What you should do: Every entry below is to be retyped exactly as it appears.

Dataset:
^^^^

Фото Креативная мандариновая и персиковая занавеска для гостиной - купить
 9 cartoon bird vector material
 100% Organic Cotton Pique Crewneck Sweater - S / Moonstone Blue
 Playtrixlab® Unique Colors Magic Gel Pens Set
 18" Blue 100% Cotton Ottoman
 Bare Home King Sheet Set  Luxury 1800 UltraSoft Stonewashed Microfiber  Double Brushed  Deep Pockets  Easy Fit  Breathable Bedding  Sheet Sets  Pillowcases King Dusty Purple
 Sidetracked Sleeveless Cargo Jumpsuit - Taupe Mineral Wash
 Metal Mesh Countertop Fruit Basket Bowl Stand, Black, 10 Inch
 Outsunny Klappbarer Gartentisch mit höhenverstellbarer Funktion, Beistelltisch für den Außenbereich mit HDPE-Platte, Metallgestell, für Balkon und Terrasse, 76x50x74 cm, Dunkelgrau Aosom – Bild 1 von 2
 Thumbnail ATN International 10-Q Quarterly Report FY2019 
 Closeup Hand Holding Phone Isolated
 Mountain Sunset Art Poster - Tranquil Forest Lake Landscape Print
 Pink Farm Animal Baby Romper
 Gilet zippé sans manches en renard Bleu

^^^^

Completed exercise:
Фото Креативная мандариновая и персиковая занавеска для гостиной - купить
 9 cartoon bird vector material
 100% Organic Cotton Pique Crewneck Sweater - S / Moonstone Blue
 Playtrixlab® Unique Colors Magic Gel Pens Set
 18" Blue 100% Cotton Ottoman
 Bare Home King Sheet Set  Luxury 1800 UltraSoft Stonewashed Microfiber  Double Brushed  Deep Pockets  Easy Fit  Breathable Bedding  Sheet Sets  Pillowcases King Dusty Purple
 Sidetracked Sleeveless Cargo Jumpsuit - Taupe Mineral Wash
 Metal Mesh Countertop Fruit Basket Bowl Stand, Black, 10 Inch
 Outsunny Klappbarer Gartentisch mit höhenverstellbarer Funktion, Beistelltisch für den Außenbereich mit HDPE-Platte, Metallgestell, für Balkon und Terrasse, 76x50x74 cm, Dunkelgrau Aosom – Bild 1 von 2
 Thumbnail ATN International 10-Q Quarterly Report FY2019 
 Closeup Hand Holding Phone Isolated
 Mountain Sunset Art Poster - Tranquil Forest Lake Landscape Print
 Pink Farm Animal Baby Romper
 Gilet zippé sans manches en renard Bleu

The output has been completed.